The agency's annual Global Trends Forced Displacement report, released ahead of World Refugee Day on Saturday, said a total of 79.5 million people were displaced at the end of 2019, an almost two-fold increase since 2010. The group estimates 38 to 43 per cent of these are children, tens of thousands of whom are unaccompanied.

The total number is up with 11 million "newly displaced" people from 70.8 million displaced by the end of 2018.

More than half of those now displaced, 45.7 million people, had fled to other areas of their own countries. The rest were people displaced elsewhere, 4.2 million of whom are awaiting the outcome of asylum requests, while 29.6 million are refugees and others forcibly displaced outside their country.

The new tally of internally displaced people (IDPs) and refugees has increased by 10 million in just a year. The surge in numbers can be attributed to conflicts in the Democratic Republic of Congo, the Sahel, Yemen and Syria and a better accounting of Venezuelans outside of their country.

Displaced people by country of origin. UNHCR 

Refugees, asylum seekers and IDPs from Syria’s nine-year war make up a sixth of the total number at 13.2 million people, the group estimated.

Conflicts keeping refugees from their homes are also lasting longer. In the 1990s about 1.5 million refugees were able to return home each year, compared with 385,000 last year.

“We are witnessing a changed reality in that forced displacement nowadays is not only vastly more widespread but is simply no longer a short-term and temporary phenomenon,” said Filippo Grandi, the  UN High Commissioner for Refugees.

“People cannot be expected to live in a state of upheaval for years on end, without a chance of going home, nor a hope of building a future where they are. We need a fundamentally new and more accepting attitude towards all who flee, coupled with a much more determined drive to unlock conflicts that go on for years and that are at the root of such immense suffering.”

Despite rhetoric from right-wing groups in European nations and the US on high intake of asylum seekers and refugees, only Germany made the top five host countries in 2019 with 1.1 million. Turkey hosted the largest number of refugees worldwide, with 3.6 million people.

Europe registered 9.2 million asylum claims over the past decade, the Americas 3.4 million and the Middle East and North Africa region about 633,000 individual asylum applications.

In terms of refugees in comparison to population, the small island nation of Aruba was found to host the most displaced people per 1,000 residents, mostly from Venezuela, only 29 kilometres away by sea. Refugees account for one-sixth of the population there.

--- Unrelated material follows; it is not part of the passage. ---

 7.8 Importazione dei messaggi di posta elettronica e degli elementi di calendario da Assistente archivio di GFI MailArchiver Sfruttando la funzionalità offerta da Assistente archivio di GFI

In Lebanon, which hosts a huge number of Palestinian and Syrian refugees, one in every seven people in the country is a refugee.

But as displaced population continues to climb, little is being done to find sustainable, lasting solutions, the agency said. Only half a per cent of the world’s refugees were resettled in 2019 and only 317,200 refugees returned to their home countries, mostly to South Sudan, Syria and the Central African Republic.